R 42 production in 1927

The pursuit of power and reliability led to the introduction, at the Berlin Motor Show, in November 1926, of the R 42 - the successor to the R 32 - this time using a second-generation, side-valve motor; the M43a. The new motor was installed in the original frame that was slightly modified (with straight front tubes and a curved saddle support) to give better weight distribution and stability: an important factor with the increased power and when being used with a sidecar. Braking was improved also, with the addition of an expanding-shoe front brake and an outer shoe brake fitted on the driveshaft. By all accounts, lights were still optional!

The new motor produced 12 hp at 3,400 rpm - almost a 50 per cent increase on the 8.5 hp of its predecessor. BMW engineers had worked on the original M33a motor, and using lessons learnt in the racing R 37, produced a more efficient powerplant that gave excellent fuel consumption.

The side-valve motor used the 68 x 68 mm dimensions and had 4.9:1 compression but used a wedge-shaped combustion chamber to improve combustion efficiency. The heat was dissipated from the cast-iron cylinders by circumferential fins, and the head used a double-story, cast alloy, finned cover. This not only provided cooling but the twin layers provided extra protection to the head in the event of a fall.

A gear-driven camshaft, above the one-piece crank, drove the valves. The tappets were flat-faced and only as wide as the cam-lobe, thus reducing wear and saving weight. The aluminium pistons used three rings which had a relatively large clearance as the aluminium expanded more than the steel cylinders.

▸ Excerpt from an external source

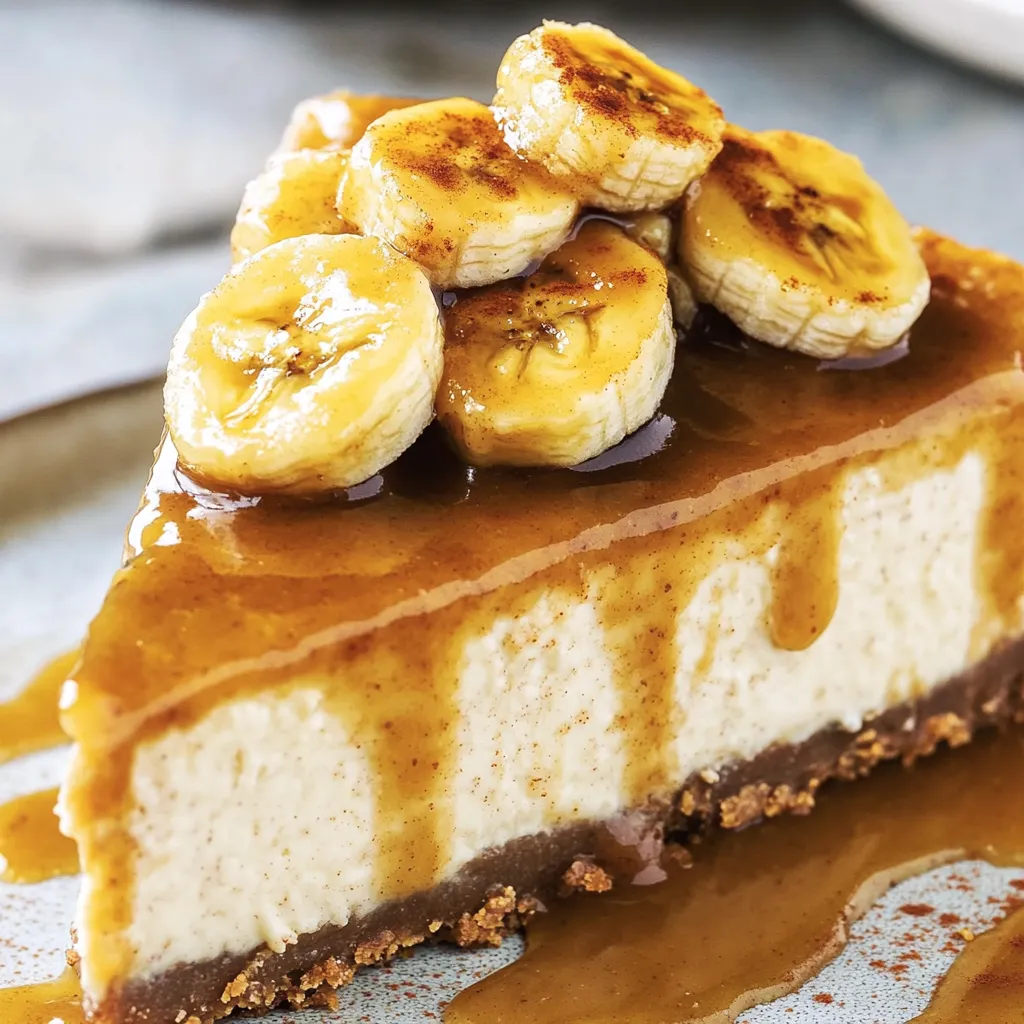 Ein Stück Käsekuchen mit Bananen als Topping.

This caused the engine to clatter when cold but run quietly at speed.

Rudolf Schleicher found a new, slotted-type piston in America; these slots diminished the heat transmission in the piston, reduced expansion and made it possible for greater engineering tolerances, giving quieter running with less of a tendency to seize when running hot.

The carburettor was a more user-friendly BMW 22mm two-valve that was easier to keep in tune than the three-valve on the sports R 37, and gave far greater performance than the R 32 with its simpler unit. The power was increased but the top speed of 95 km/h was about the same as the R 32, despite the fact that the R 42 was heavier.

Compared to its predecessor, the R 42's sales price of 1,510 Reichsmarks brought it well within reach of many German motorcycle enthusiasts, which helped the brand sell a staggering 6,500 of them between 1926 and 1928 - much more than the combined sales of the three previous models.

R 47 sports boxer

The R 37 was a limited production performance motorcycle aimed at the true sports enthusiast. It was, for the time, fast but fearfully expensive at 2,900 Reichsmarks. It did however prove that there was a market for such a highly focussed motorcycle, which is why work had started on the ohv sports version of the R 42.

The R 42 with its M43a motor, had been launched in 1926 and was always intended as the 'bread and butter' model. Work was, at the same time, progressing on a more sports oriented model, with a new, overhead valve motor. While the R 37 had been an exclusive motorcycle, its successor would be a more affordable (1,850 Reichsmarks) sports machine which was intended to sell profitably in greater numbers, although not as a volume seller.

The R 47 was released in 1927 and to keep development costs down, used the chassis from the side-valve R 42. The M51a overhead valve motor was what separated the two models. The motor produced 18 hp at 4,000 rpm and was capable of 110 km/h. The cylinders were cast iron and the new aluminium head was given a distinctive one-piece cover attached by a central fastener. Longitudinal fins cooled the head.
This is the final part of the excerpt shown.